Core Strength and the Pelvic Floor

Do you have any of these complaints: weak legs, low libido, or incontinence? If “yes”, it’s a good time to explore the pelvic floor.

What is that? The pelvic floor is a hammock-shaped muscle that is the bottom of your core. The anus and genitals pass through it. This muscle is emphasized in natural birth methods (Kagel).

Ok, enough anatomy. What does the pelvic floor do? And, how does it feel when properly engaged?

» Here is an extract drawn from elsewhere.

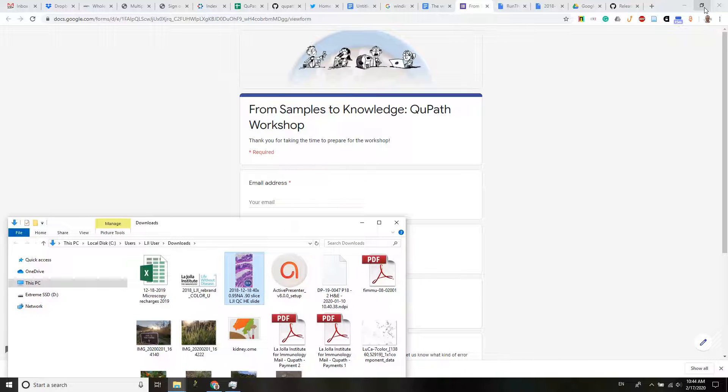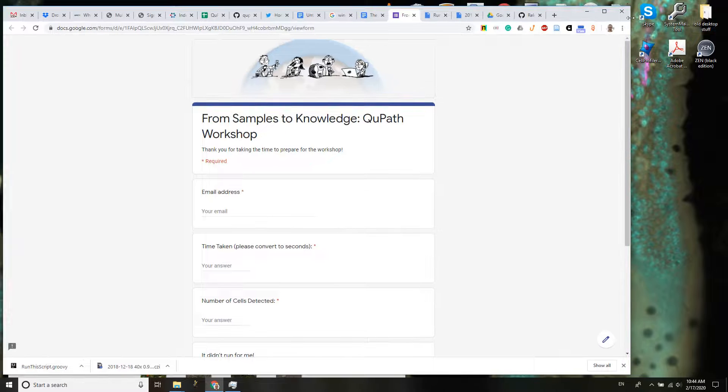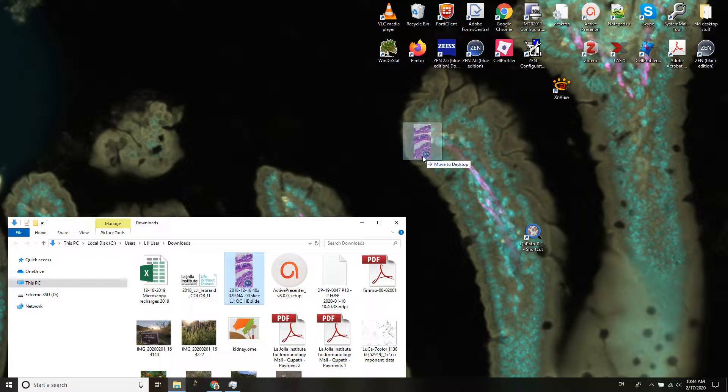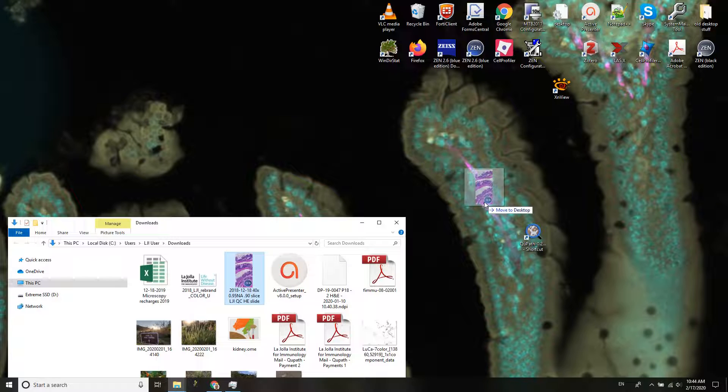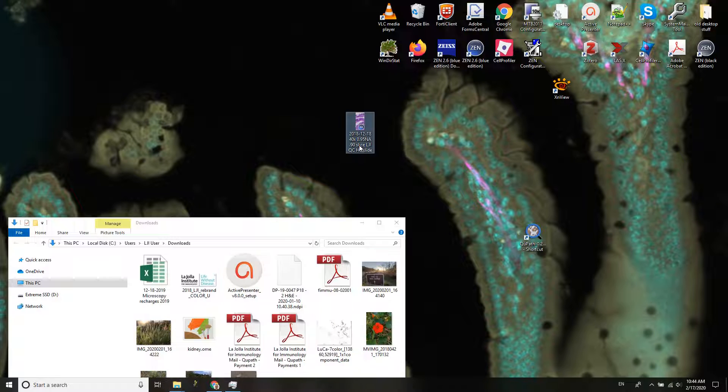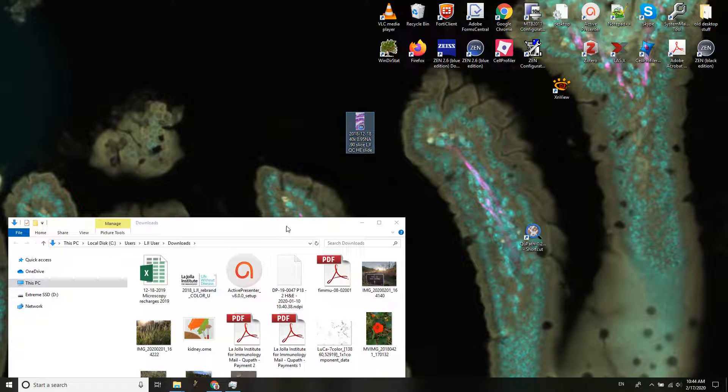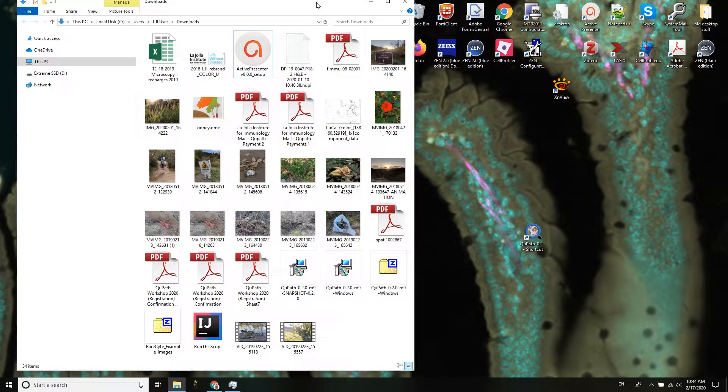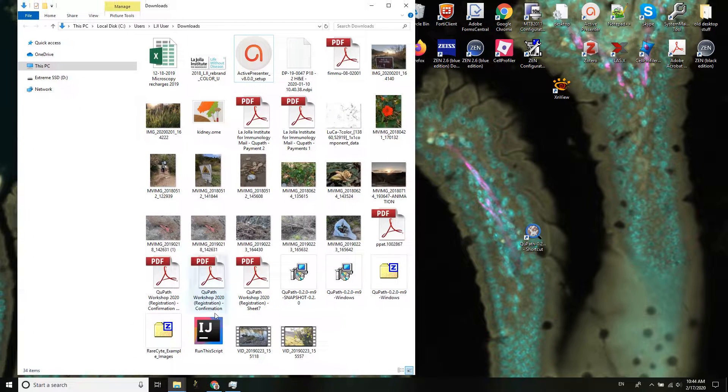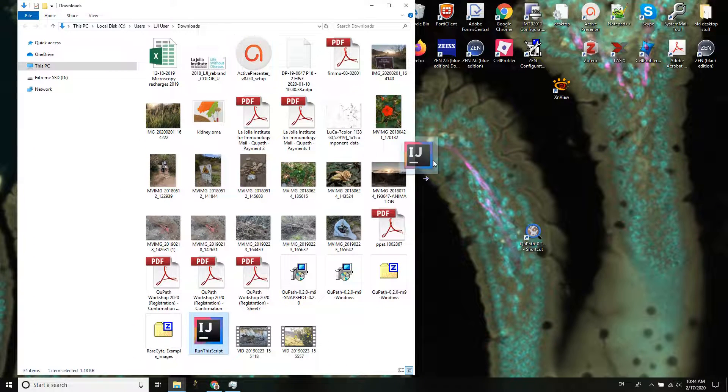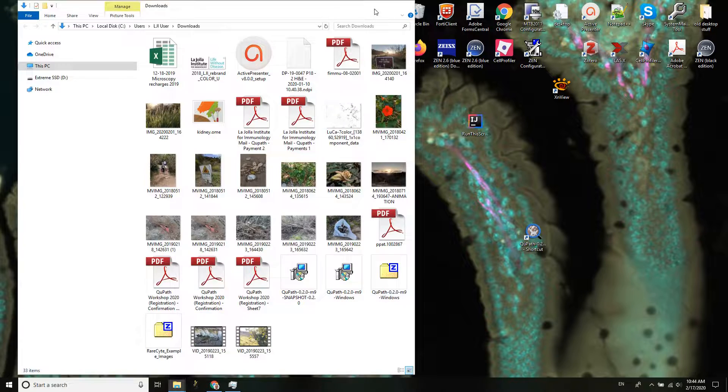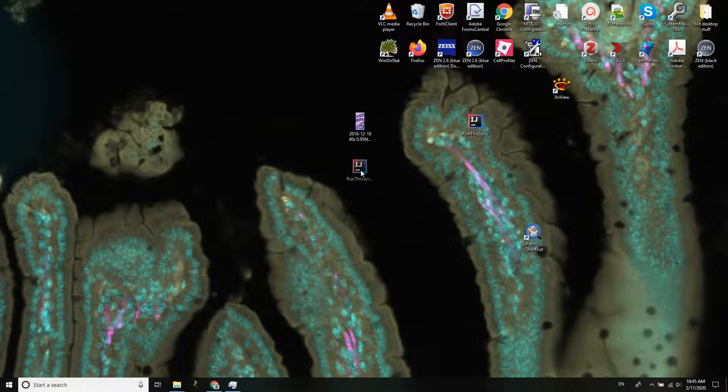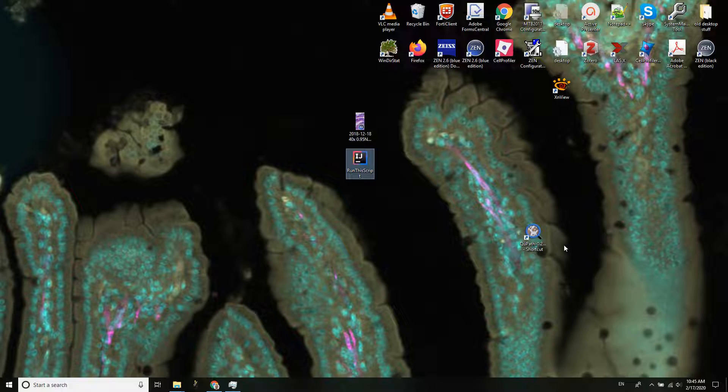And I'm just going to copy this over to the desktop. This time move is a smart move. And I also should have a script, run the script, here we go. So we have those two things, we have QuPath, we're going to open QuPath.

First, the pelvic floor performs multiple jobs. It helps coordinate the upper body and lower body. Virtually every muscle group within the pelvic region is bound (directly or indirectly) to it with connective tissue. Move your legs, and the pelvic floor moves with them. Rotate your whole body, and the pelvic floor twists with you. Bend over, and the pelvic floor stabilizes you. A basic health principle is: use all of yourself. Because of its support position, using the pelvic floor is particularly important.

As usual, if you aren’t aware of a muscle group, it’s hard to imagine that it even exists. Some people even think the beltline is the core’s bottom. (It isn’t.) Fortunately, you can find the pelvic floor with visualization. In the following case, we’ll use a visual that isn’t true, but it evokes a useful response. Imagine that you are walking, and you have an imaginary horse between your legs. The horse lightly touches the inside of your legs, the pubic bones, and the tip of the tailbone. When you walk, the horse moves exactly in coordination with you. This horse is so soft that there’s no discomfort. Picture that the bottom of your torso remains in contact with the horse, and you feel the horse with every step. Sense the horse all the way down to your feet. When you do this, the pelvic floor moves and activates.

Let the pelvic floor stretch right-to-left and front-to-back as the horse moves. The genitals and the anus will lengthen and shorten with the horse’s movement. Let that happen. It should feel good as the tightness and tension give way to flexibility and core strength.

As the pelvic floor returns to awareness, your concept of the core will expand. Because of lower support, the entire core comes alive. Activities become possible that you couldn’t imagine before. Watch a Circ Du Soleil performer do near-impossible movements for guidance. They understand core movement, which requires the pelvic floor.

Spend time observing how you move with the pelvic floor. It’s well worth your time. As a secondary benefit, your friends will think you lost weight.